(GIVEN DATA)
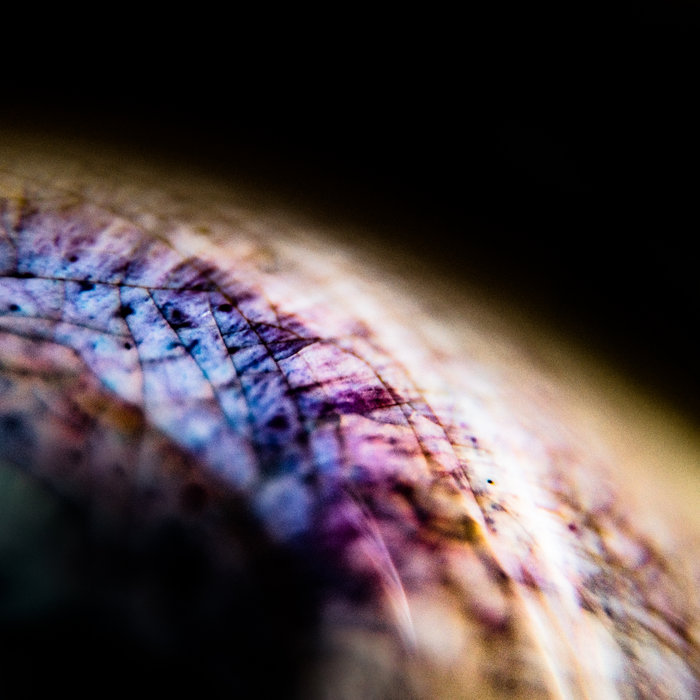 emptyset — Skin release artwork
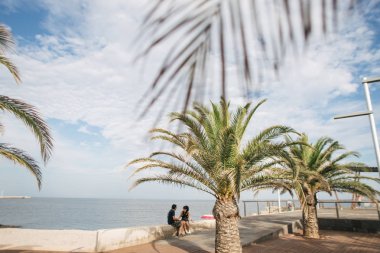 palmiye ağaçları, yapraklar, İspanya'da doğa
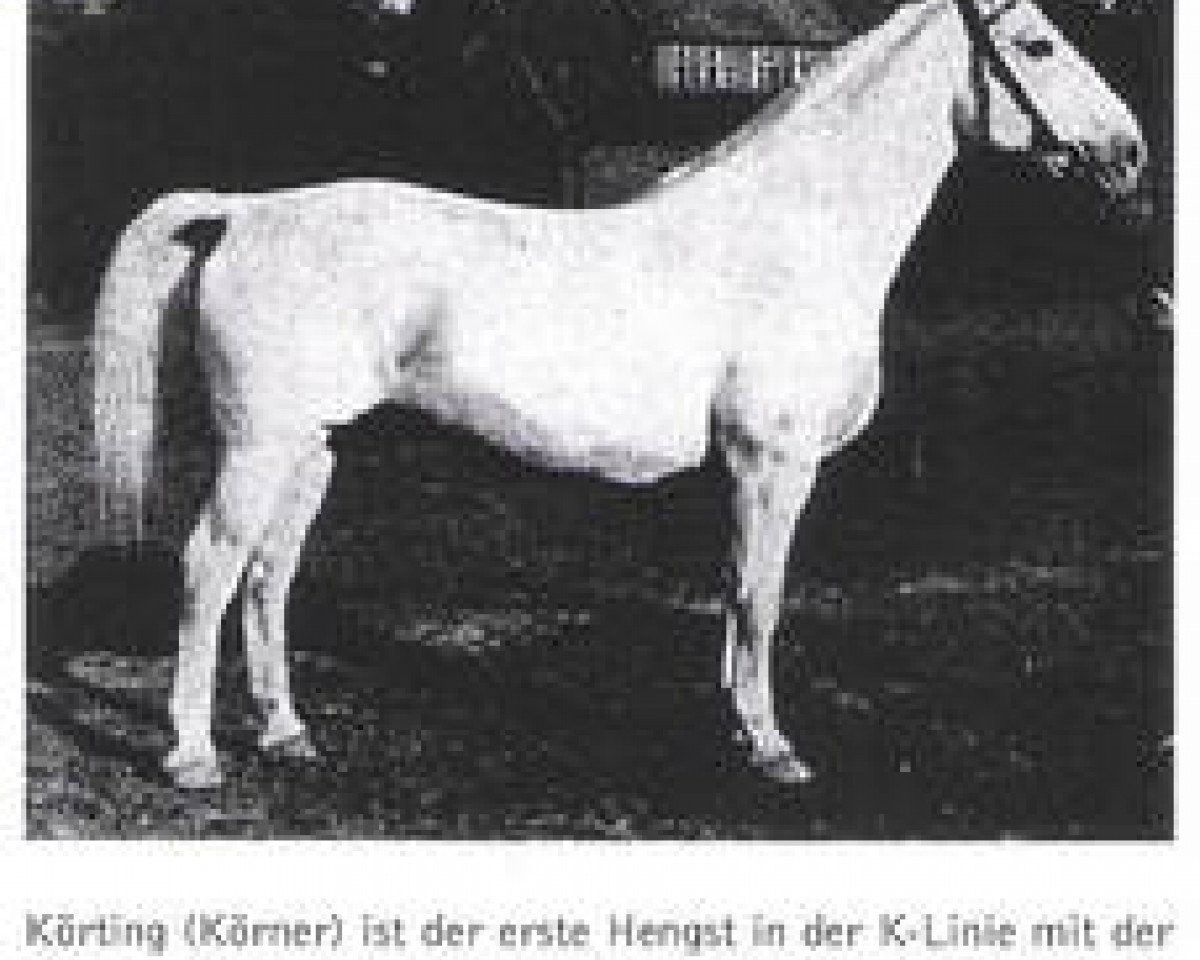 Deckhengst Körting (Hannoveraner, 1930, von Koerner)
(End GIVEN DATA)
__ASSIGNMENT__: Repeat the listing verbatim without its pictures.

__EXERCISE OUTPUT__:
 emptyset — Skin release artwork
 palmiye ağaçları, yapraklar, İspanya'da doğa
 Deckhengst Körting (Hannoveraner, 1930, von Koerner)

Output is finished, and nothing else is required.